**EXERCISE DESCRIPTION:**
For the entries that follow, restate word for word the line containing "Moradia T3 com", the line containing "层高4米3,面积40㎡超旧学区房,改出两室一厅,带入户花园", and every line that lies between them.

**RECORDS SHOWN:**
=====
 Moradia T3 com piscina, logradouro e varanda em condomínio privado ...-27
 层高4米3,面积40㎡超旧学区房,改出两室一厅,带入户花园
=====
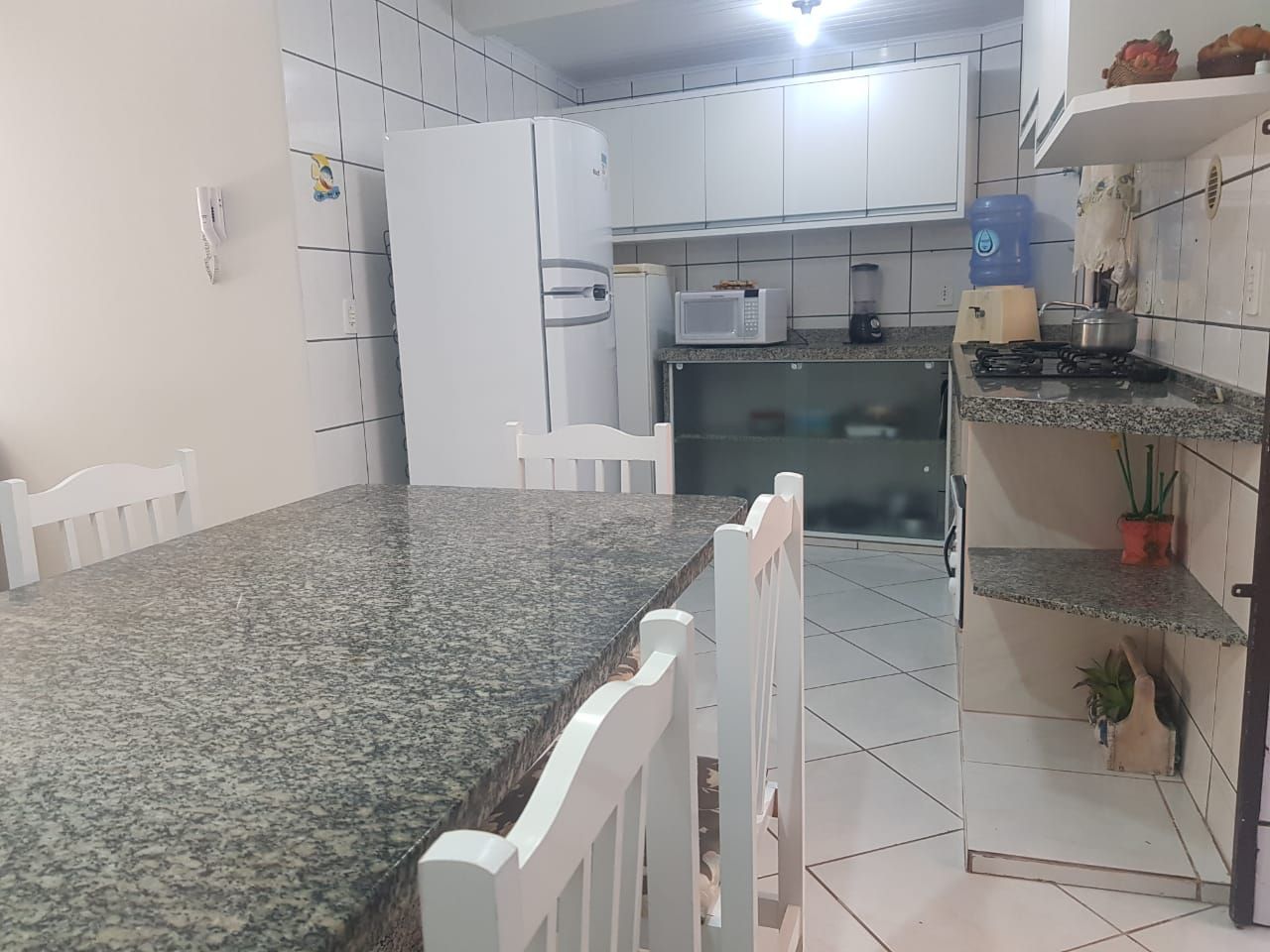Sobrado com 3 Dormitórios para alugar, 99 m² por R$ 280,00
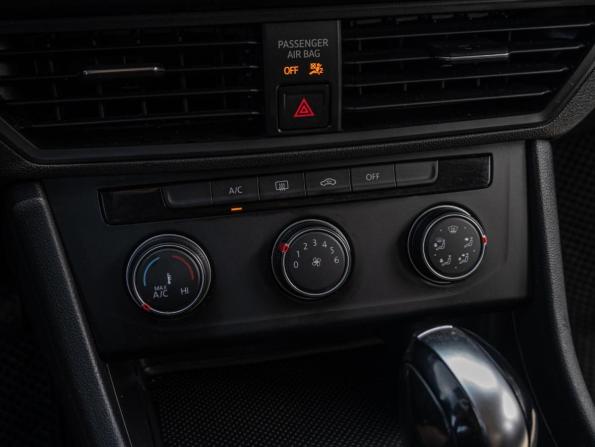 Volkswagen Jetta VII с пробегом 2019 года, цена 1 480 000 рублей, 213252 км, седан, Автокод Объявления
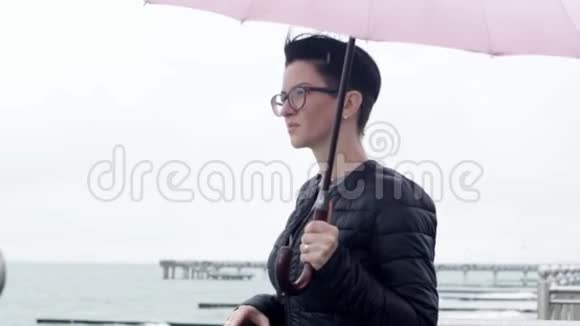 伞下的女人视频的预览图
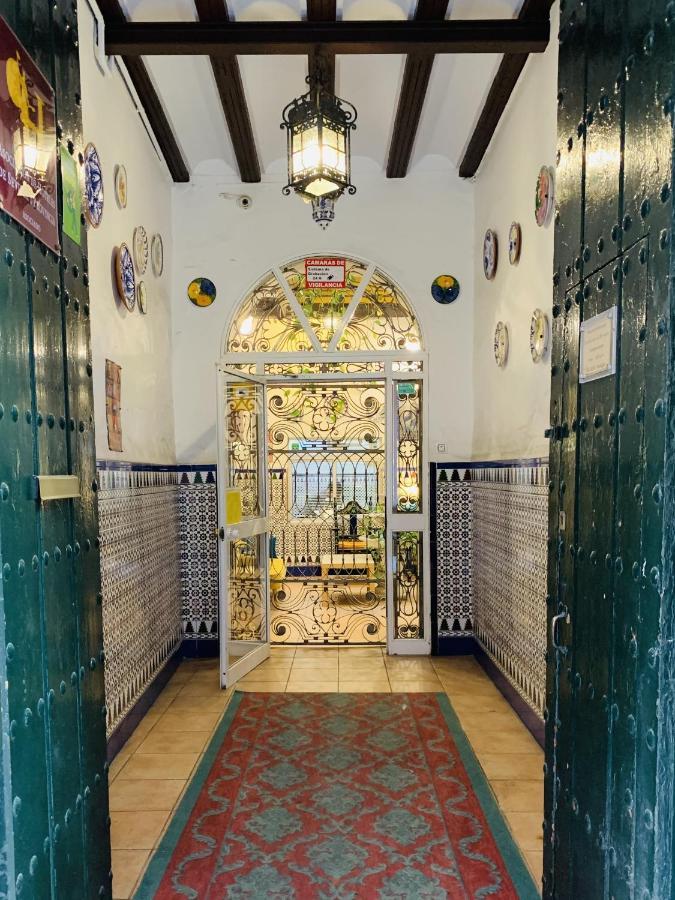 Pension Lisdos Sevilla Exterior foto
=====
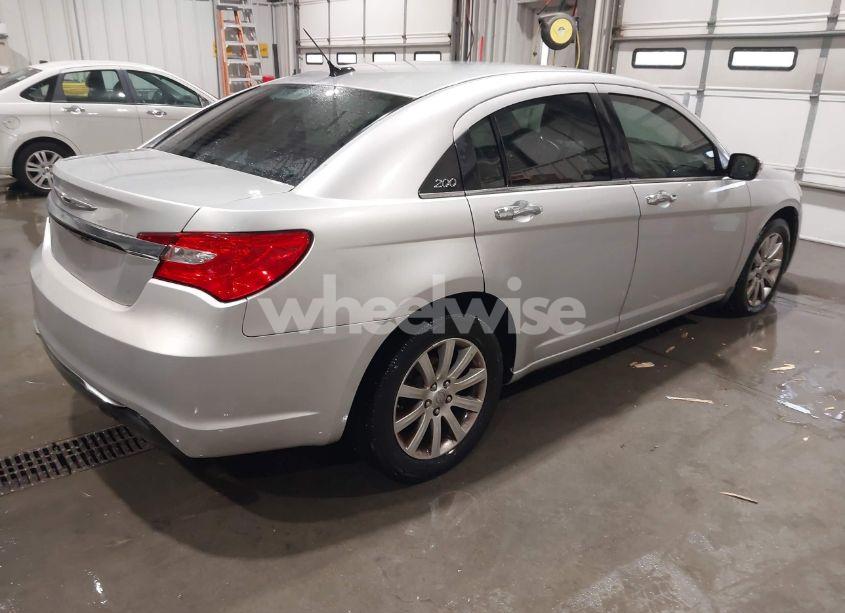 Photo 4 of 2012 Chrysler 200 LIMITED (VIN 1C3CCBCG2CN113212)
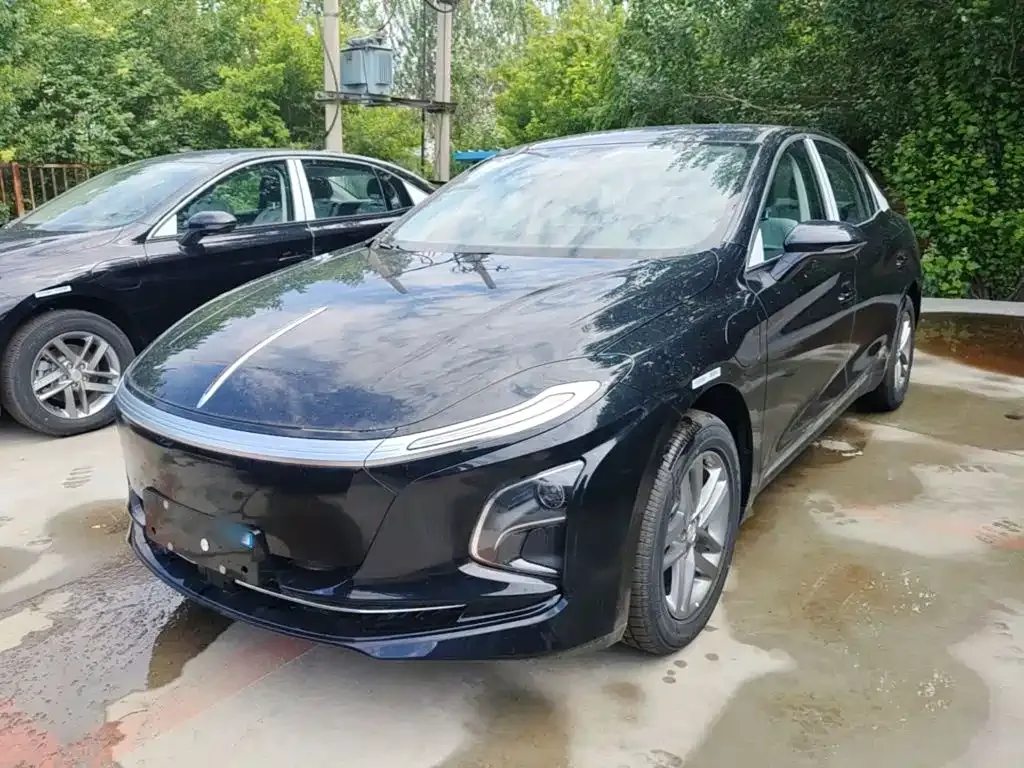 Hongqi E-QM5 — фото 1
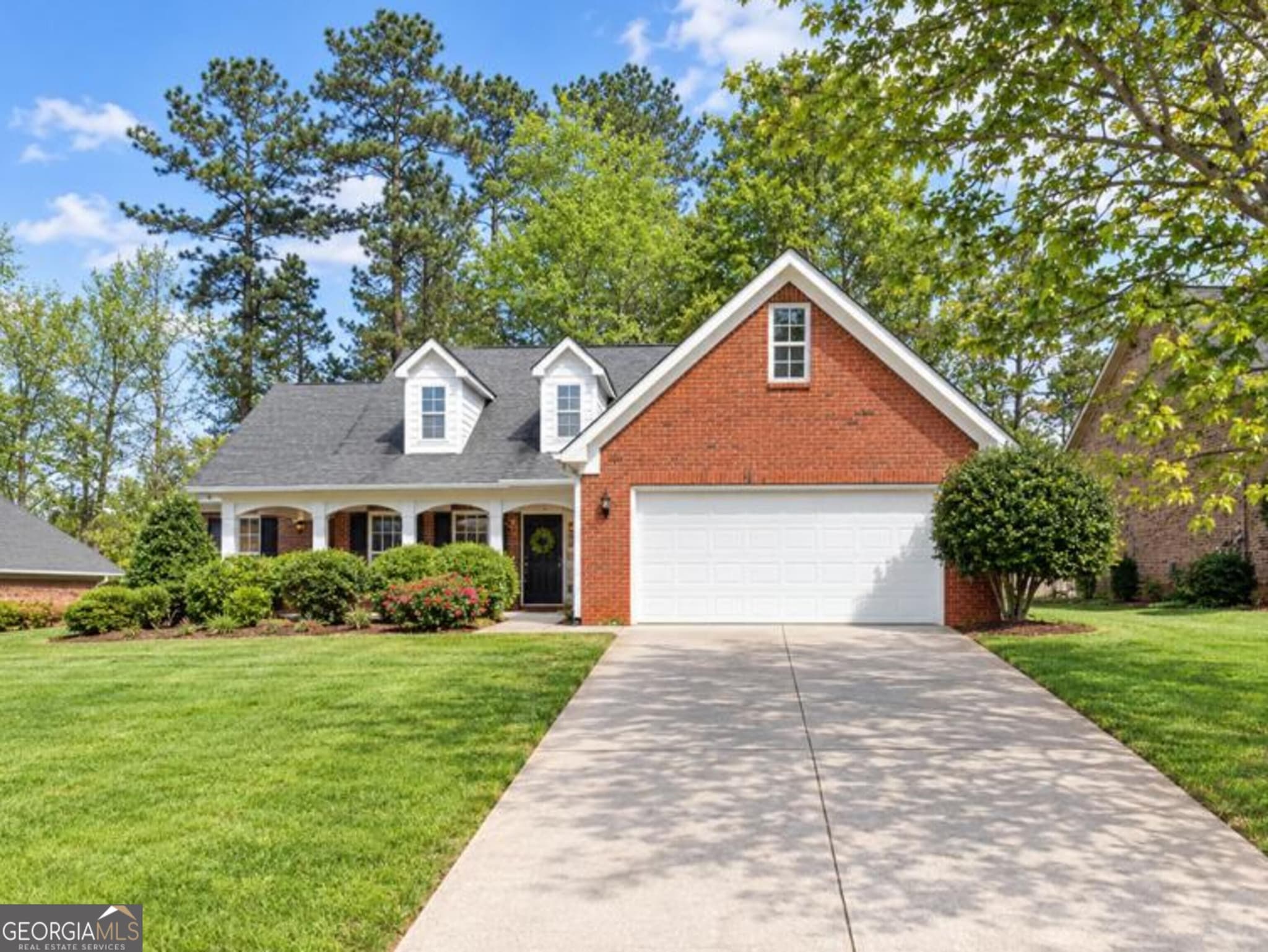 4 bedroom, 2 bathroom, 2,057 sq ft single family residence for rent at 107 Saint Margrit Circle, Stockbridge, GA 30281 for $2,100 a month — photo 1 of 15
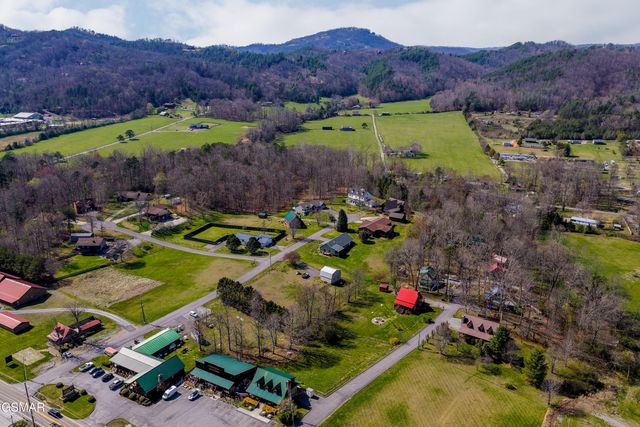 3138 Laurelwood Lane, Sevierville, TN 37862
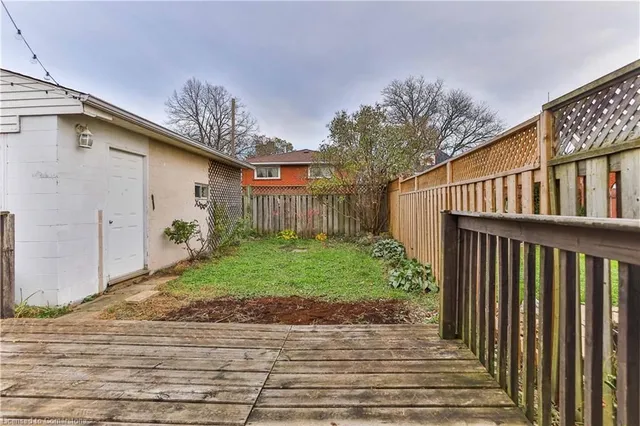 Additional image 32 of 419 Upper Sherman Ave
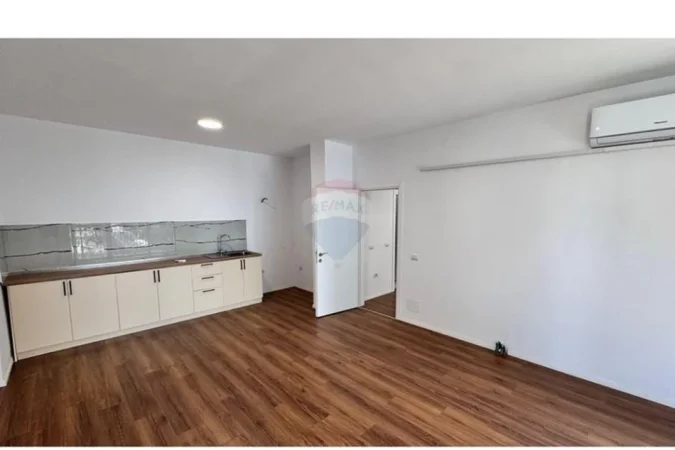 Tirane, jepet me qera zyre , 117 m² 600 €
=====
**ANSWER:**
 Moradia T3 com piscina, logradouro e varanda em condomínio privado ...-27
 层高4米3,面积40㎡超旧学区房,改出两室一厅,带入户花园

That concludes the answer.